(THE PROBLEM) Start at the line with "Two pages from" in the records below, stop at the line with "Fishbone Shape Wood", and return every line in that span exactly, the two end lines included.

Records drawn from a dataset:
_ _ _
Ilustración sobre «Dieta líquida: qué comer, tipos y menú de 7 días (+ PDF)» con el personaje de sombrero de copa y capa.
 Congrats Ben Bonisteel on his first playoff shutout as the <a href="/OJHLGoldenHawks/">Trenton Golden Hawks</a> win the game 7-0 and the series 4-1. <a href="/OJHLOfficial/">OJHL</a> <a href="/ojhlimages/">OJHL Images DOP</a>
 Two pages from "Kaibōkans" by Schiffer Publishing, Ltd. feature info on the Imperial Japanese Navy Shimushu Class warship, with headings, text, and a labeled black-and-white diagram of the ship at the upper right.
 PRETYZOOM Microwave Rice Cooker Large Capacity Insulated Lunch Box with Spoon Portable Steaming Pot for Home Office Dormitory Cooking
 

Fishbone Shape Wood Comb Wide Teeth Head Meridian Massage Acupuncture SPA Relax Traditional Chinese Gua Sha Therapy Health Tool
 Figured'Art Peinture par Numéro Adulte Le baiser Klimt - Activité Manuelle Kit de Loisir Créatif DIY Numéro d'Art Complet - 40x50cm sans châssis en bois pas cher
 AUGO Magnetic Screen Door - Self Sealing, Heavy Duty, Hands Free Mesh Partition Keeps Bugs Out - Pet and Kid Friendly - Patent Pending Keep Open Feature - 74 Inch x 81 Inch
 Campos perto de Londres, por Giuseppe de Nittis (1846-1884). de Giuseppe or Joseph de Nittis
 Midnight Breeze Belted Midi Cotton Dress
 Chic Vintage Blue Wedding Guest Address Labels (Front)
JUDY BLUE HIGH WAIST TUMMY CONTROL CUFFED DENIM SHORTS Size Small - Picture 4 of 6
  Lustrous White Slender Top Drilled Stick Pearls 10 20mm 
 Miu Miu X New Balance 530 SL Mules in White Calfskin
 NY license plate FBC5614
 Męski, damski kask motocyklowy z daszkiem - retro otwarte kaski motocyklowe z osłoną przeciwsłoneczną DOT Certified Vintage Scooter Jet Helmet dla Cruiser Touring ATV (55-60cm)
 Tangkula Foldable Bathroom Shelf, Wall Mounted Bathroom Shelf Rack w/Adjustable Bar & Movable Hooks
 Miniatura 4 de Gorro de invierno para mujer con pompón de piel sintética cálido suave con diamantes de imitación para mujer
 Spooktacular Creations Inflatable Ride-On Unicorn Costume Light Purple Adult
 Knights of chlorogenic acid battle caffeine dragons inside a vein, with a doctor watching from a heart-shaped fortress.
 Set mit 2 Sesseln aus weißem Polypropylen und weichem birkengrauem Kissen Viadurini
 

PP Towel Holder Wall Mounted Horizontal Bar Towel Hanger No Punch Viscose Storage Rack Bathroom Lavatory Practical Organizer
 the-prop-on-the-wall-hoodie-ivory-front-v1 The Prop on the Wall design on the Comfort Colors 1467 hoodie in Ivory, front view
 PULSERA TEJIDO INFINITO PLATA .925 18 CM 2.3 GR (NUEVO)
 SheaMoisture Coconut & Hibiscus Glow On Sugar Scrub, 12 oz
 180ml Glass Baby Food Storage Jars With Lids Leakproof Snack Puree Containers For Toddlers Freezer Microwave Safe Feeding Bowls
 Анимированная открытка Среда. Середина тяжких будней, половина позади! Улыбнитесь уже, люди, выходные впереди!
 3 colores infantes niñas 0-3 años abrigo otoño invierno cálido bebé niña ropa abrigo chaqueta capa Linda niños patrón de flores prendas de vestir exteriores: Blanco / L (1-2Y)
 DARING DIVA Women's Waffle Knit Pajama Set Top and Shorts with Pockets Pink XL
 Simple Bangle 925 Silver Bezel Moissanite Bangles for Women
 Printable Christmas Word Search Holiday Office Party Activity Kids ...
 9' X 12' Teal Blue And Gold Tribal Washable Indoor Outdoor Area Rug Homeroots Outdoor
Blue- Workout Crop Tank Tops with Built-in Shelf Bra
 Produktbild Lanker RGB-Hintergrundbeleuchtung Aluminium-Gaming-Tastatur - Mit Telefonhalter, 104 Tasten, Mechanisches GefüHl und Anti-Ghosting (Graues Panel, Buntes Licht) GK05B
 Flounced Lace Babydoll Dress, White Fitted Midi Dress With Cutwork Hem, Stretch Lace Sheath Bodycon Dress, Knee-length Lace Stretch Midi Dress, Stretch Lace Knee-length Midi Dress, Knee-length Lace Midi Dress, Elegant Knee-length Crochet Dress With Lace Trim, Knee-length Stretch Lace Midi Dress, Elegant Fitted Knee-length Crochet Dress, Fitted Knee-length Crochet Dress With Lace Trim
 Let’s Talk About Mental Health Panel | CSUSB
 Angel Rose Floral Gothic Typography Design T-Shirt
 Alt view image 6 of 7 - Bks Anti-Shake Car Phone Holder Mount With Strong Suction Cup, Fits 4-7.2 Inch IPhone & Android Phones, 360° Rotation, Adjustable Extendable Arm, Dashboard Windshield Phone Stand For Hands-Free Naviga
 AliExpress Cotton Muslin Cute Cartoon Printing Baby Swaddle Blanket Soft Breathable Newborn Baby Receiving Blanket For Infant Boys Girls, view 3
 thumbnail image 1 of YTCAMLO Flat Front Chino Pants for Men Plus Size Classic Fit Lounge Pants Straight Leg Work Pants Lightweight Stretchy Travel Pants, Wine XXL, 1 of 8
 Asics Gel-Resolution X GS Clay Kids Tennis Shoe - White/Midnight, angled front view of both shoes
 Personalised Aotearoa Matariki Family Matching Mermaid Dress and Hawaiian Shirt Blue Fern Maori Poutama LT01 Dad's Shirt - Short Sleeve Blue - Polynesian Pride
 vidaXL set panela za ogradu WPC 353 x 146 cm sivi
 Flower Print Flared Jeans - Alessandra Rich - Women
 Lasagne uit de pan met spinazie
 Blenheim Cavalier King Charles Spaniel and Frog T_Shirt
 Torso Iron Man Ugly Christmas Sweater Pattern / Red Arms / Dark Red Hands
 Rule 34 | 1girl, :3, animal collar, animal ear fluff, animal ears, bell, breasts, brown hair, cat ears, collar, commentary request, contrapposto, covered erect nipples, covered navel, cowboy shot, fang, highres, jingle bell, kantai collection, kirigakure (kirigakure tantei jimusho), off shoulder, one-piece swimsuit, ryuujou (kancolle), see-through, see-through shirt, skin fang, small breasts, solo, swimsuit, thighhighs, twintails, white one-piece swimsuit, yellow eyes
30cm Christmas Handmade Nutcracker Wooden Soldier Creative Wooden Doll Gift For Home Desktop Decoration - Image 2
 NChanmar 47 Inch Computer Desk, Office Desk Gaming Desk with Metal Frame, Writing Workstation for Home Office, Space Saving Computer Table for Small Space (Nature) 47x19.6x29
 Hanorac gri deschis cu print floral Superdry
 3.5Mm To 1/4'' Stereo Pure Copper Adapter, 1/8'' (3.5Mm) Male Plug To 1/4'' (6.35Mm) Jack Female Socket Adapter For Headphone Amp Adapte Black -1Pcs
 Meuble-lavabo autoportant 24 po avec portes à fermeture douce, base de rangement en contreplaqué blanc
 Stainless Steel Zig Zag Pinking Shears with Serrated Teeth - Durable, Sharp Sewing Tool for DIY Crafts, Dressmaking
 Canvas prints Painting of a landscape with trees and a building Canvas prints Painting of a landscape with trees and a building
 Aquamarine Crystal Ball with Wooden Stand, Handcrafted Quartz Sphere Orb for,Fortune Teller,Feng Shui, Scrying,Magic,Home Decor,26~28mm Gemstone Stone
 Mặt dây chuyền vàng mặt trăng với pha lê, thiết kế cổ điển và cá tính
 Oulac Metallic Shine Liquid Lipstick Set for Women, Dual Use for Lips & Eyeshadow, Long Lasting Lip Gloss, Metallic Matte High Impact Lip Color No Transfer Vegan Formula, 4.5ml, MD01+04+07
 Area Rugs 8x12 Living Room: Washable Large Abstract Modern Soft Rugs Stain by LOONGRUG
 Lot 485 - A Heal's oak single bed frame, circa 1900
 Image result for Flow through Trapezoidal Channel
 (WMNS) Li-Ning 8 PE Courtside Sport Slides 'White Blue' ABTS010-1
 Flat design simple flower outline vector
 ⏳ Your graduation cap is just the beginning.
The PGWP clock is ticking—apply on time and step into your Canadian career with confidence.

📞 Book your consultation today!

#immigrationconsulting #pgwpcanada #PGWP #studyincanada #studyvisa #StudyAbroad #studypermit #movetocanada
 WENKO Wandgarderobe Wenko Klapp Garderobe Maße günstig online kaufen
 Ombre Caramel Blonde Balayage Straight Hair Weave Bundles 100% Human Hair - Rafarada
_ _ _
(EXPECTED ANSWER)
 Two pages from "Kaibōkans" by Schiffer Publishing, Ltd. feature info on the Imperial Japanese Navy Shimushu Class warship, with headings, text, and a labeled black-and-white diagram of the ship at the upper right.
 PRETYZOOM Microwave Rice Cooker Large Capacity Insulated Lunch Box with Spoon Portable Steaming Pot for Home Office Dormitory Cooking
 

Fishbone Shape Wood Comb Wide Teeth Head Meridian Massage Acupuncture SPA Relax Traditional Chinese Gua Sha Therapy Health Tool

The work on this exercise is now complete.